▶ **Task to complete**: Please repeat the lines below exactly. Begin with the line containing "5 quarto Casa" and go on through the line containing "Holiday home Gite".

Extracted material Start Marker

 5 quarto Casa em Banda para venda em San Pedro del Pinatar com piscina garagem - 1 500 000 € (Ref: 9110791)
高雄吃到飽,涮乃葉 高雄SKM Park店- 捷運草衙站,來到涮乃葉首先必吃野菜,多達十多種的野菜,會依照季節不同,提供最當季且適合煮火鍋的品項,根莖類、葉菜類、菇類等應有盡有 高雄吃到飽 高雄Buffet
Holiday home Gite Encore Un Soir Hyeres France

Extracted material End Marker
Extracted material Start Marker

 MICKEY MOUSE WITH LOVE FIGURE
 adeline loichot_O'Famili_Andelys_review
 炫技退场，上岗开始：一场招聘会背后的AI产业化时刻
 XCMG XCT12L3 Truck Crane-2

Extracted material End Marker
Extracted material Start Marker

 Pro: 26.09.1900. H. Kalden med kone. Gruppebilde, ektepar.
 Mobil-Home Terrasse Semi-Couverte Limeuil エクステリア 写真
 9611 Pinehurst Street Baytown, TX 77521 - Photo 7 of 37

Extracted material End Marker

▶ **Reply to the exercise**:
 5 quarto Casa em Banda para venda em San Pedro del Pinatar com piscina garagem - 1 500 000 € (Ref: 9110791)
高雄吃到飽,涮乃葉 高雄SKM Park店- 捷運草衙站,來到涮乃葉首先必吃野菜,多達十多種的野菜,會依照季節不同,提供最當季且適合煮火鍋的品項,根莖類、葉菜類、菇類等應有盡有 高雄吃到飽 高雄Buffet
Holiday home Gite Encore Un Soir Hyeres France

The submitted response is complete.